On Sept. 1, The Emporia Gazette will begin printing its paper through the presses at the Lawrence Journal World.
Editor and publisher Chris Walker said that the change has been talked about for a couple of years and that the main reason for the switch is a need for more state-of-the-art equipment. The paper’s current presses were installed in 1973.
“(The Journal World) is a bigger operation,” Walker said. “The equipment has gotten expensive over the years and it’s hard for a smaller paper to keep up. We’re ‘mom and pop’ and they’re printing tons of other papers.”

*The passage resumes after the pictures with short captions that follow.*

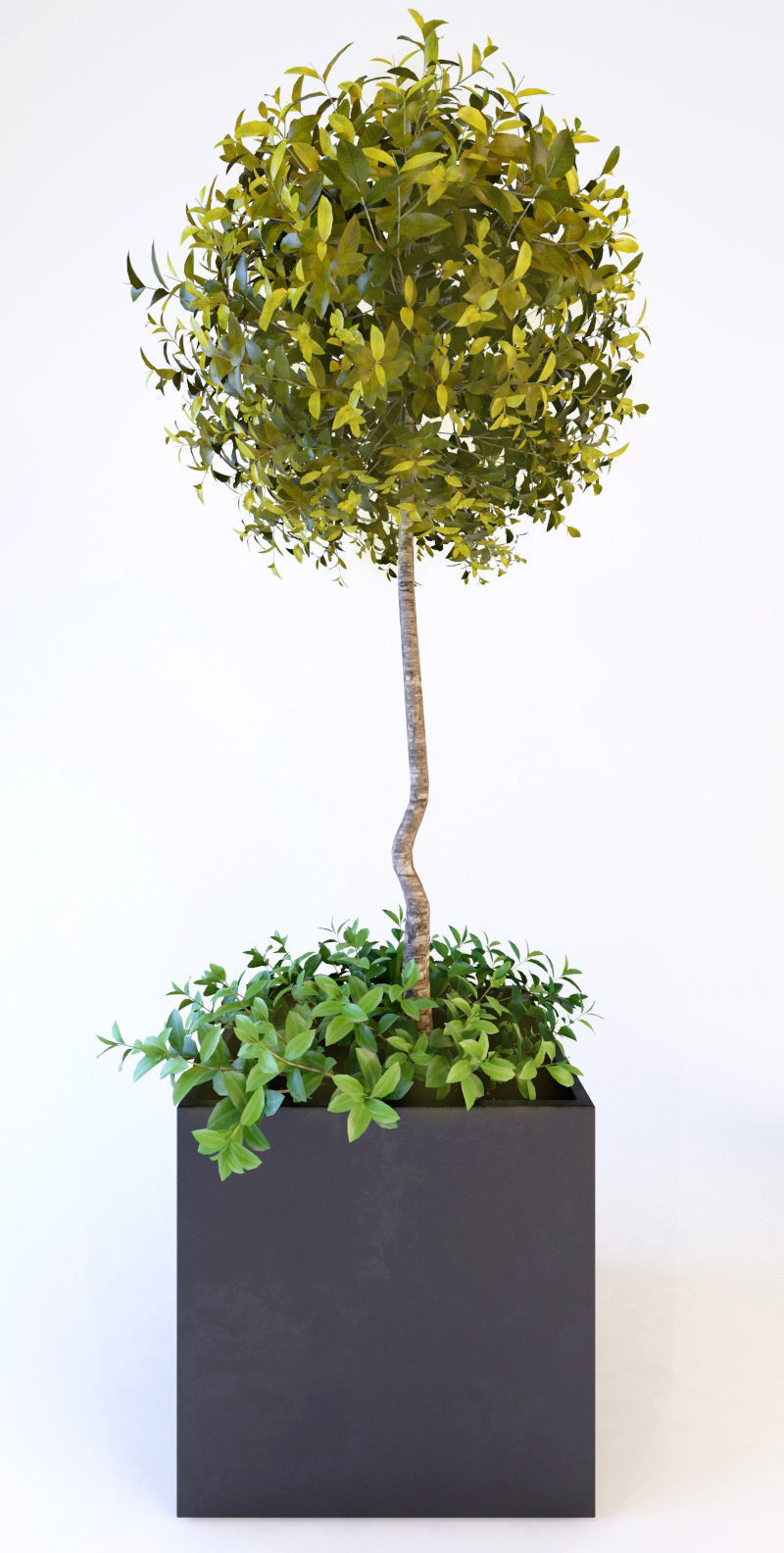 Trees tree in box Low-poly 3D model_2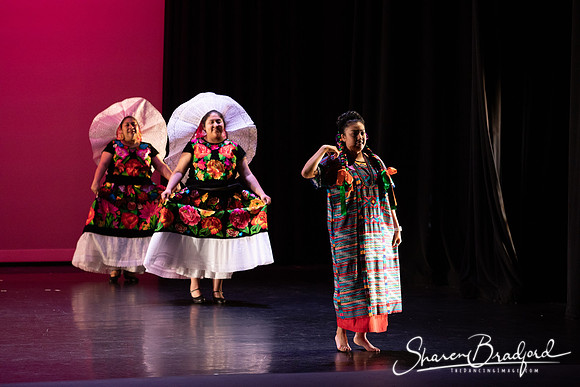 Mujer Oaxaquena pc Sharen Bradford-40791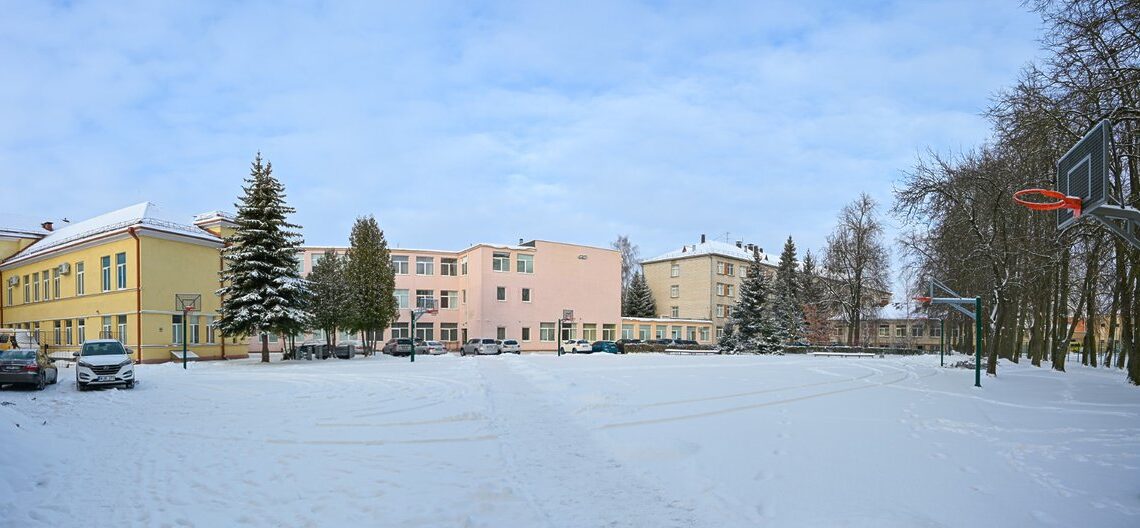 Panevėžyje planuojamas naujas sporto salių kompleksas/P. Židonio nuotr.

The Gazette normally uses two image setters in production and the current presses have only one. Walker said the reason for the change came down to quality.
“We haven’t missed a day of publishing in 112 years,” Walker said, “and we don’t want to miss one just because we don’t have all the equipment.”
Walker said the Gazette wanted to add more color and graphics to the paper. The staff will be able to print a full-color paper if necessary and every day color will be on the front and back of the news and sports sections.
The newspaper’s width will also be changed from 27.5 inches to 24 and the TV guide will be switched to a smaller tabloid format. It will still be released six times a week.
Karen Weatherholt, campus mail services manager and daily reader of The Gazette, said she didn’t care where the paper was printed as long as she received it at the same time.
Weatherholt said she hopes the change of press will make it so the ink doesn’t come off the page when she reads it.
“It’s very messy to read,” Weatherholt said. “Every time you lean your elbow on it, you get an imprint.”
Staff deadlines will be moved up about an hour to ensure that the electronic version of the paper makes it to Lawrence on time.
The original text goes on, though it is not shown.